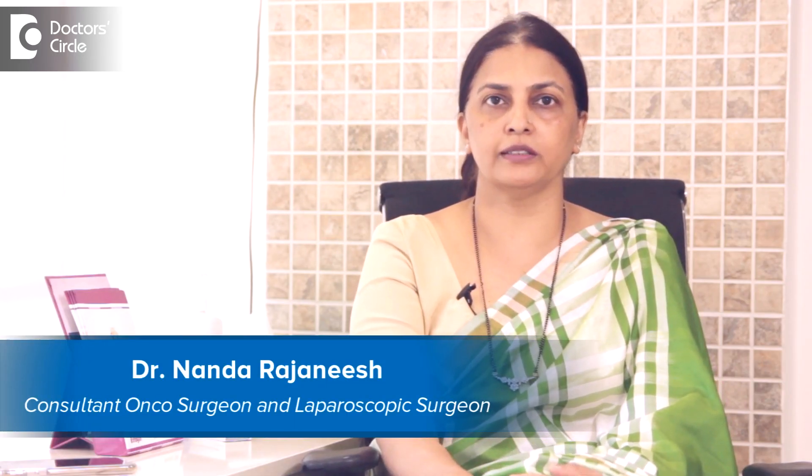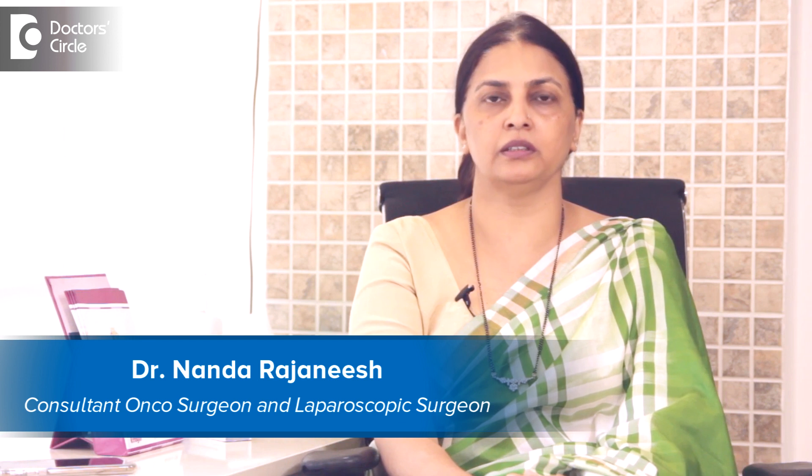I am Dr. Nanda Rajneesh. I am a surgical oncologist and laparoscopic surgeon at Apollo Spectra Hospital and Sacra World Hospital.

==============================

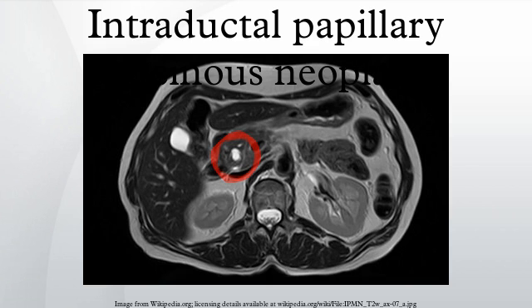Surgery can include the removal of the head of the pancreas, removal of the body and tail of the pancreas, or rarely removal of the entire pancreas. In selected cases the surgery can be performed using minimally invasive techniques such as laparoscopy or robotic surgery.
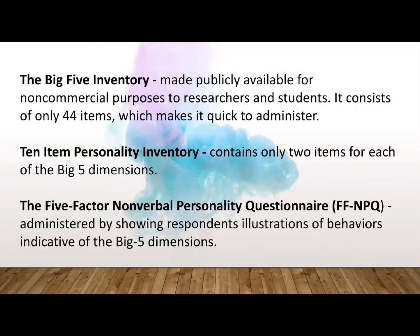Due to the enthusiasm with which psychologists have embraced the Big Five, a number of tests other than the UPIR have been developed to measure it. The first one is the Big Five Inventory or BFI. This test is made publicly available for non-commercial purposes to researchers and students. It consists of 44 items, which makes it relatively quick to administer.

==============================

[AIM OF THE TASK]: Output only the lines above from the line that holds "Surgery can include" through the line that holds "Due to the enthusiasm", both ends included, and exclude pictures.

[SOLUTION]:
Surgery can include the removal of the head of the pancreas, removal of the body and tail of the pancreas, or rarely removal of the entire pancreas. In selected cases the surgery can be performed using minimally invasive techniques such as laparoscopy or robotic surgery.
Due to the enthusiasm with which psychologists have embraced the Big Five, a number of tests other than the UPIR have been developed to measure it. The first one is the Big Five Inventory or BFI. This test is made publicly available for non-commercial purposes to researchers and students. It consists of 44 items, which makes it relatively quick to administer.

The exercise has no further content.